The study with that finding, “Lipoprotein profiling in early multiple sclerosis patients: effect of chronic inflammation?,” was published in the journal Lipids in Health and Disease.
People with MS have an increased risk of cardiovascular disease even without traditional risk factors such as obesity, high blood pressure, type 2 diabetes, or elevated cholesterol levels in the blood.
Cardiovascular disease is caused by the buildup of fatty deposits (plaques) in arteries (atherosclerosis), which is linked to elevated total blood cholesterol and altered levels of two blood proteins that combine with lipids and cholesterol to form particles called either low density lipoprotein cholesterol (LDL-C) or high density lipoprotein cholesterol (HDL-C).
Overall, high levels of LDL-C (“bad” cholesterol) and low HDL-C levels (“good” cholesterol) are risk factors for cardiovascular disease.
However, the size of each particle can vary. Small, dense LDL-C particles are associated with increased cardiovascular risk, while larger LDL-C particles are not. In contrast, it is thought that larger HDL-C particles are more protective than smaller ones.
Studies have found that reduction of HDL-C levels can be caused by pro-inflammatory signaling proteins secreted by immune cells, leading to a loss of anti-inflammatory functions and cholesterol transport.
This suggests that chronic inflammation may be an important factor in the development of cardiovascular disease in people with MS.
To explore this further, researchers at the Comenius University in Slovakia, along with collaborators at the Slovak Academy of Sciences, designed a study (NCT03052595) to measure the overall lipids levels in the blood, and the relationship between lipoprotein particle size and inflammation in a group of people in the early stages of MS.
The team recruited 10 women and nine men newly diagnosed with MS, ages ranging from 20 to 45, not long after their first episode of symptoms. All participants were non-smokers without a history of cardiovascular disease or other serious conditions.
Examinations were performed at least two months after an initial glucocorticoid treatment following the first MS episode, and all patients were in remission and without any medication when tested. A group of 19 age- and gender-matched healthy people were included as the control group.
The physical activity of participants was assessed using the Lagerros Energy Expenditure Questionnaire (EEQ), which measures the total energy output of all physical activity during an average weekday.
Blood was drawn from each participant, and levels of total cholesterol, LDL-C, HDL-C, blood fat called triglyceride, as well as 15 cytokine signaling proteins, were measured. The levels of different sized LDL-C and HDL-C particles (subfractions) also were determined.
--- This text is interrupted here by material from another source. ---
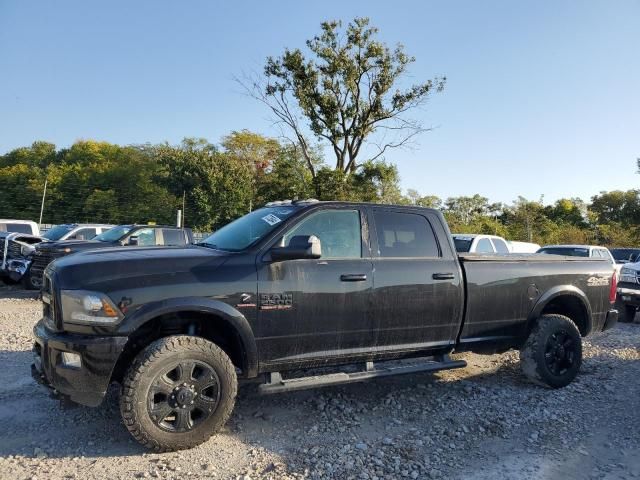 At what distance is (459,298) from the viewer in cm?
491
Overall, compared to control subjects, MS patients engaged in the same level of physical activity, and showed no significant differences in the levels of LDL-C, HDL-C, triglycerides, or the 15 cytokines analyzed.
While there were no differences found in lipid levels between women with MS and controls, men with MS had significantly higher total HDL-C levels and more small-sized HDL-C particles than controls.
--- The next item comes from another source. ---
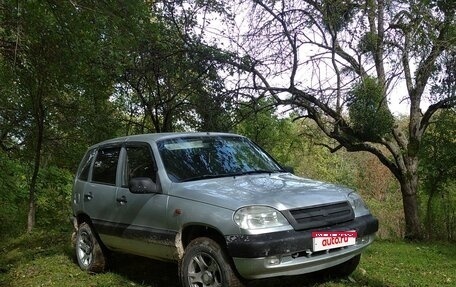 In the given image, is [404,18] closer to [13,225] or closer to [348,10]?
[348,10]

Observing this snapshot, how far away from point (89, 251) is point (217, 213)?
2950 millimetres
Cytokine levels in all MS patients were not connected to any of the different LDL-C subfractions, even when controlled for age and body mass index (BMI).
However, higher levels of almost all the inflammatory cytokines were linked to lower levels of total HDL-C, large-sized HDL-C, and higher levels of intermediate-sized HDL-C. This trend was found to be statistically significant in women, but not in men.
“In conclusion, our results show higher HDL-C and the small HDL-C subfraction in males with early MS suggesting that male MS patients might be at higher risk of atherosclerosis development,” the researchers wrote.
“The observed pattern of correlations between HDL-C subfractions and several cytokines reflect mutual links between systemic inflammation and lipid metabolism in early MS with low inflammatory activity,” they concluded.